When someone you care about is spinning out of control, the urge is to save them. Too much drinking, too many pills, too much anxiety or depression – it can be hard to watch your loved one suffering.
First, you want to keep them safe. Second, you want to keep them from harming others. You want to return to a happier time when you did things and laughed together. It can be difficult to know how to start that conversation when there is so much denial, and when so much change is needed.
Your goal in a single conversation is not to “save” or solve the entire problem, but to open up communication and begin to develop trust.
Let’s be honest; one discussion isn’t likely to solve a complicated pattern of substance use. Your goal in a single conversation is not to “save” or solve the entire problem, but to open up communication and begin to develop trust. Your loved one needs you now more than ever!
When you are ready to start that conversation, here are three things that you can try:
1. Remain Calm and Listen
A discussion about substance use needs to be a two-way conversation – both people talking. It is important that you are intentional about maintaining your cool. Don’t assume that you have to do all the work, and you definitely don’t want it to turn into a shouting match. What is most important is that you listen.
A good way to make sure you are truly hearing the other person is to ask questions rather than make statements.
A good way to make sure you are truly hearing the other person is to ask questions rather than make statements. You might make a non-threatening observation followed by an open-ended question. For example: “Last night, I noticed you seemed sad. Is there anything going on?” or “You have a lot on your plate. Are there times when it’s easier to zone out than deal with it all?”
And, if you feel yourself getting frustrated by the responses, it’s time to walk away from this encounter and try again later. If you get angry, or make accusations, your loved one will shut down. Think of each conversation as an opportunity to build trust.
2. Recognize Fears
People often turn to alcohol and drugs because they believe, rightly or wrongly, that it makes things better, even if only for a limited time.
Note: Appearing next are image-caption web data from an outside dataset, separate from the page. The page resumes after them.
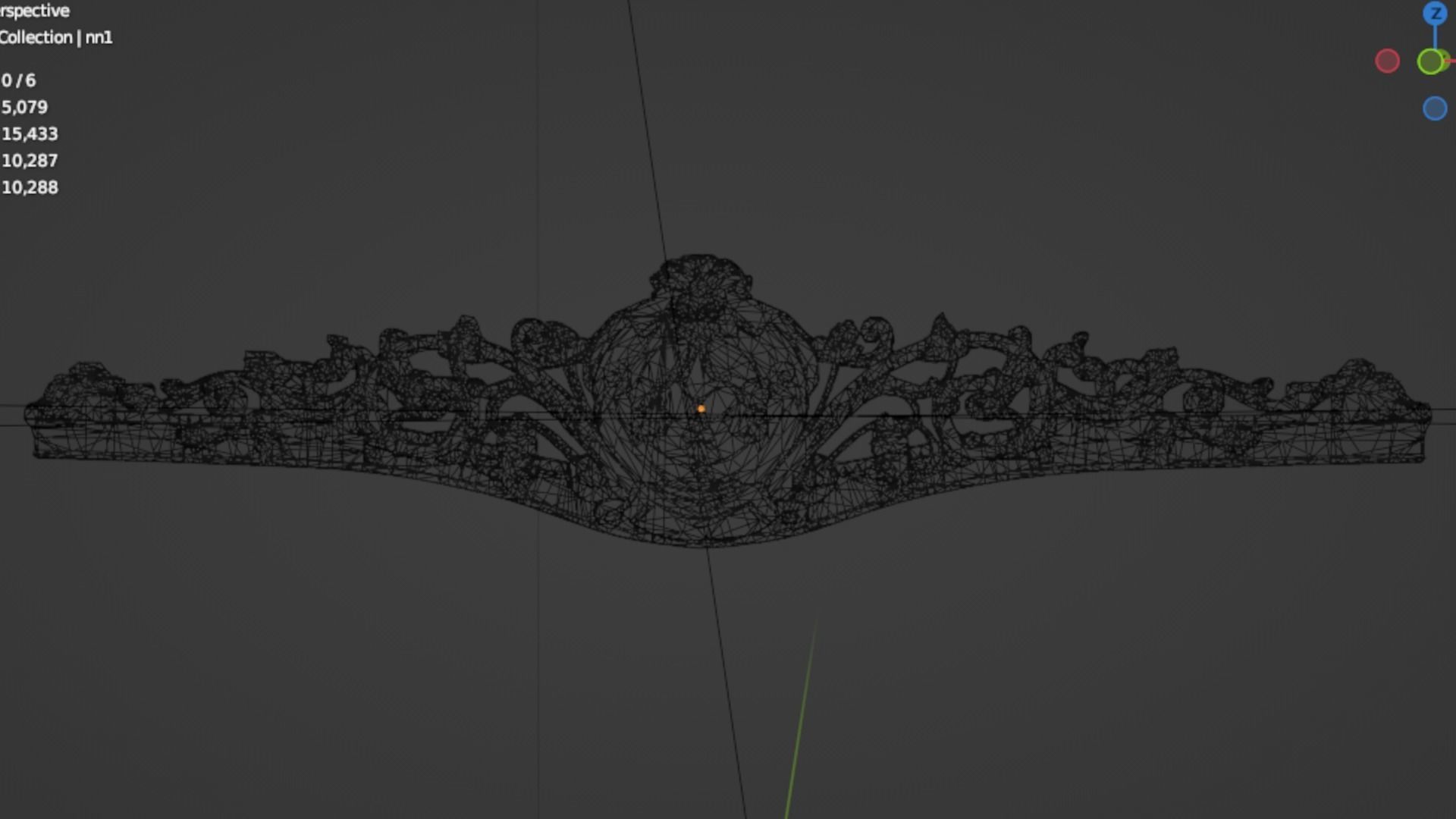 Classic decor ornament 218 3D model_5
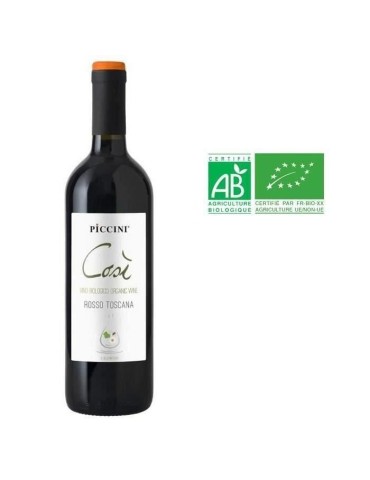 Cosi Piccini 2015 Toscana - Vin rouge d'Italie - Bio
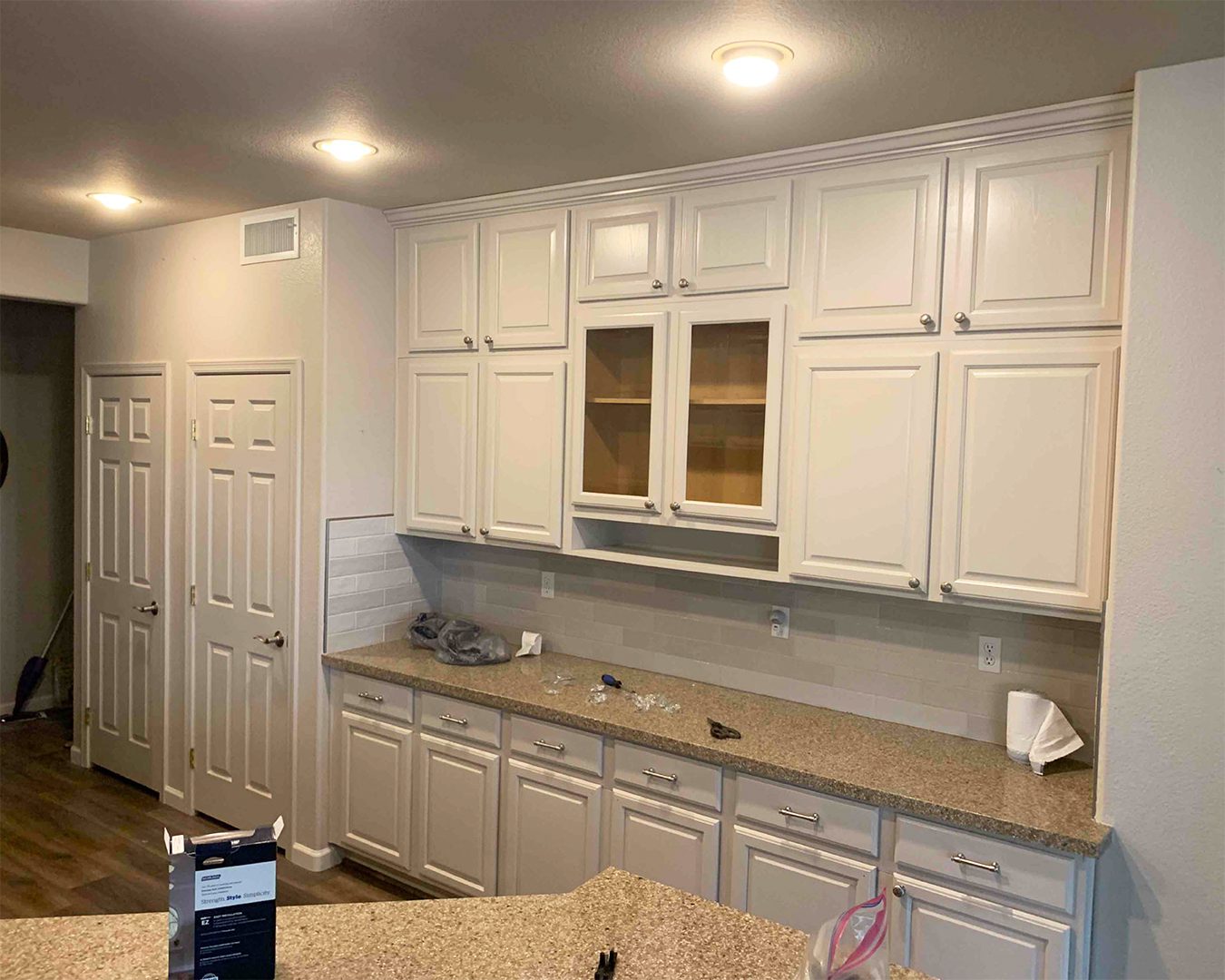 Painted cabinets inside Surprise, AZ kitchen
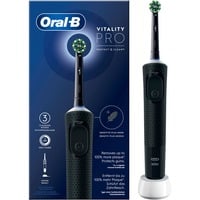 Braun Vitality Pro Adulte Brosse à dents rotative Noir, Brosse a dents electrique Noir, Adulte, Brosse à dents rotative, Soin quotidien, Sensible, Noir, 2 min, Batterie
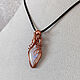 Бохо кулон wire wrap с лунником "Лунная соната". Кулон. Украшения WIRE WRAP Медная магия. Ярмарка Мастеров.  Фото №9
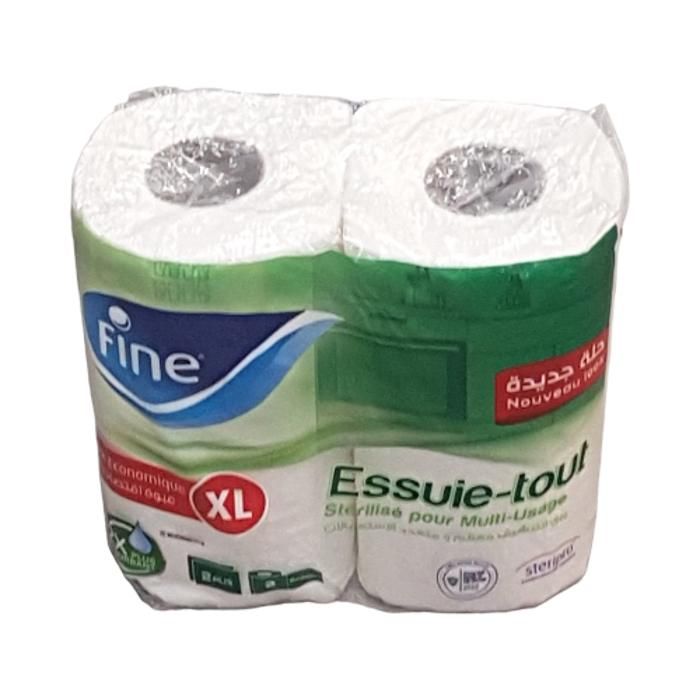 Essuie-tout 2 plis x2 rouleaux - FINE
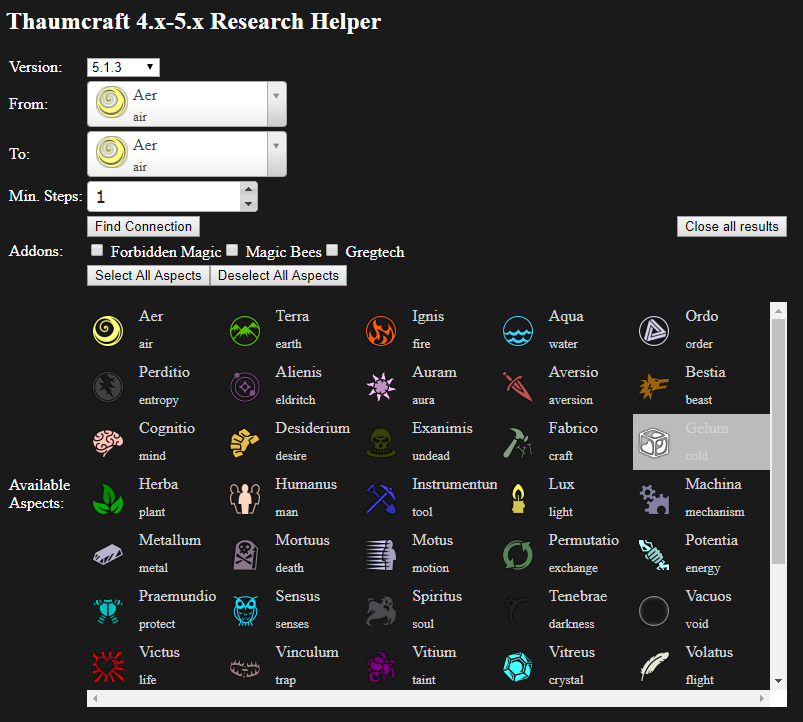 Dark Thaumcraft Research Helper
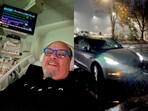 "I extend my gratitude to Elon Musk for his crazy erratic leadership in advancing technology," the man behind the wheel expressed his gratitude. "I extend my gratitude to Elon Musk for his crazy erratic leadership in advancing technology," the man behind the wheel expressed his gratitude.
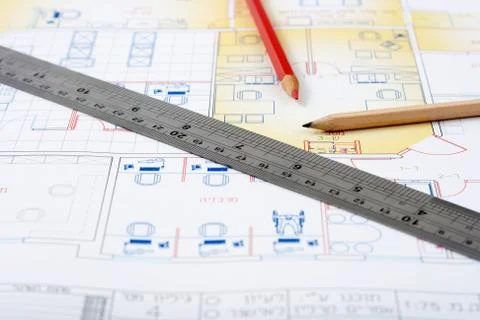 Blue print Stock Photos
Often, they fear that opening up a discussion with you, or anyone, will mean they will have to give up what is currently taking away the pain.
Understanding what your loved one fears most will help guide your discussion.
Understanding what your loved one fears most will help guide your discussion. Phrases that acknowledge those fears will help him or her feel heard. It recognizes their wishes and helps make them feel in control. For example: “Having fun with your friends is important. I imagine it would be hard not to drink when you are hanging out with them.” or “It can be hard to sleep sometimes with so much going on. Are the pills helping you to sleep?”
3. Take Small Steps, not Big Leaps
Drastic change in actions, such as giving up alcohol or pills immediately and going cold turkey can be scary, painful and possibly harmful. It can be overwhelming for your loved one to imagine life without the routines that come with using substances.
Focusing on the present and chunking the request into small manageable steps might be one way to open the dialogue.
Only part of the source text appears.